The signal handler provides intelligent behavior based on the current state of the Spark application:

// Behavior when Ctrl+C is pressed:
SignalUtils.register("INT") {
  SparkContext.getActive.map { ctx =>
    if (!ctx.statusTracker.getActiveJobIds().isEmpty) {
      // Active jobs are running - cancel them first
      logWarning("Cancelling all active jobs, this can take a while. " +
        "Press Ctrl+C again to exit now.")
      ctx.cancelAllJobs()
      true  // Signal handled - don't exit yet
    } else {
      // No active jobs - allow normal exit
      false  // Let default handler exit the process
    }
  }.getOrElse(false)  // No active SparkContext - allow normal exit
}

Usage Patterns

Interactive Job Cancellation

When working interactively, users can safely interrupt long-running operations:

// In REPL session:
scala> val rdd = sc.parallelize(1 to 10000000)
scala> val result = rdd.map(expensiveOperation).collect()
// User presses Ctrl+C during execution
// Output: "Cancelling all active jobs, this can take a while. Press Ctrl+C again to exit now."
// Jobs are cancelled gracefully

Two-Stage Exit Process

The signal handler implements a two-stage exit process:

  1. First Ctrl+C: Cancel active Spark jobs if any are running
  2. Second Ctrl+C: Terminate the REPL process immediately
// First Ctrl+C while jobs are running:
// - Logs warning message
// - Calls ctx.cancelAllJobs()
// - Returns true (signal handled, don't exit)

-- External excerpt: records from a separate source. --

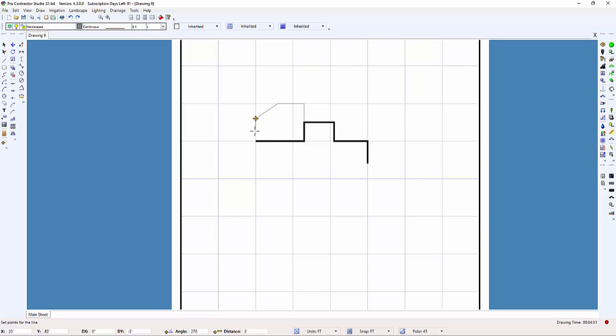If I select a line, you can see the points that were set when drawing the line. I can snap to any one of these point locations.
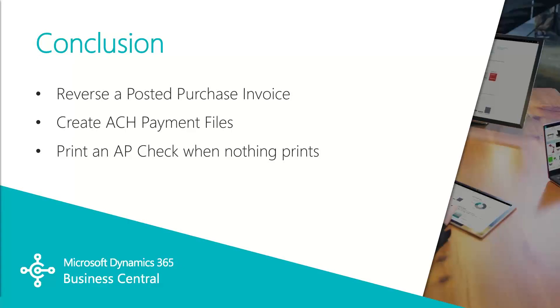So in this video, we covered how to reverse a posted purchase invoice when needed, how to create ACH files for paying your vendors instead of paying by computer check, and a quick tip on how to make sure that you have those set up correctly between the name of the bank that you selected on the payment line and the name of the bank that you selected on the report job itself.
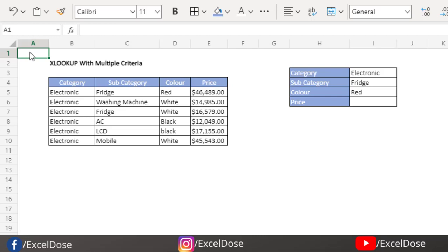Hello everyone, welcome to Excel Dose. In this video we learn how to use XLOOKUP with multiple criteria. I will walk you through two different ways to get the values using multiple criteria. Let's get started with the video.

// Second Ctrl+C or first Ctrl+C with no active jobs:
// - Returns false (allow default exit behavior)
// - REPL process terminates

Implementation Details

Signal Registration

Uses Spark's SignalUtils for cross-platform signal handling:

import org.apache.spark.util.SignalUtils

// Register handler for SIGINT (interrupt signal)
SignalUtils.register("INT") { /* handler logic */ }

Active Job Detection

Checks for active jobs using the SparkContext's status tracker:

SparkContext.getActive.map { ctx =>
  // Check if any jobs are currently running
  val activeJobs = ctx.statusTracker.getActiveJobIds()
  !activeJobs.isEmpty
}

Logging Integration

Integrates with Spark's logging system for user feedback:

object Signaling extends Logging {
  // Uses logWarning for user-visible messages
  logWarning("Cancelling all active jobs, this can take a while. " +
    "Press Ctrl+C again to exit now.")
}

Error Handling

SparkContext Availability

Handles cases where no SparkContext is available:

SparkContext.getActive.map { ctx =>
  // SparkContext exists - check for active jobs
  // ... job cancellation logic
}.getOrElse(false)  // No SparkContext - allow normal exit

Graceful Degradation

If job cancellation fails or SparkContext is in an invalid state, the handler gracefully falls back to allowing normal process termination.

Platform Considerations

Cross-Platform Support

The signal handling works across different operating systems through Spark's SignalUtils abstraction, which handles platform-specific signal differences.

Thread Safety

The signal handler is designed to be thread-safe and can be called from signal handling threads without interfering with the main REPL execution thread.

Testing Considerations

Signal Handler Testing

The signal handler behavior can be tested programmatically:

// In test code:
import org.apache.spark.repl.Signaling

// Setup test SparkContext with active jobs
val sc = new SparkContext(...)
val rdd = sc.parallelize(1 to 1000000)
val future = Future { rdd.map(expensiveOperation).collect() }

// Signal handler should cancel jobs when interrupted
// Test framework would need to simulate SIGINT

Mock Testing

For unit testing, the signal handling logic can be isolated and tested with mock SparkContext instances to verify correct behavior under different conditions.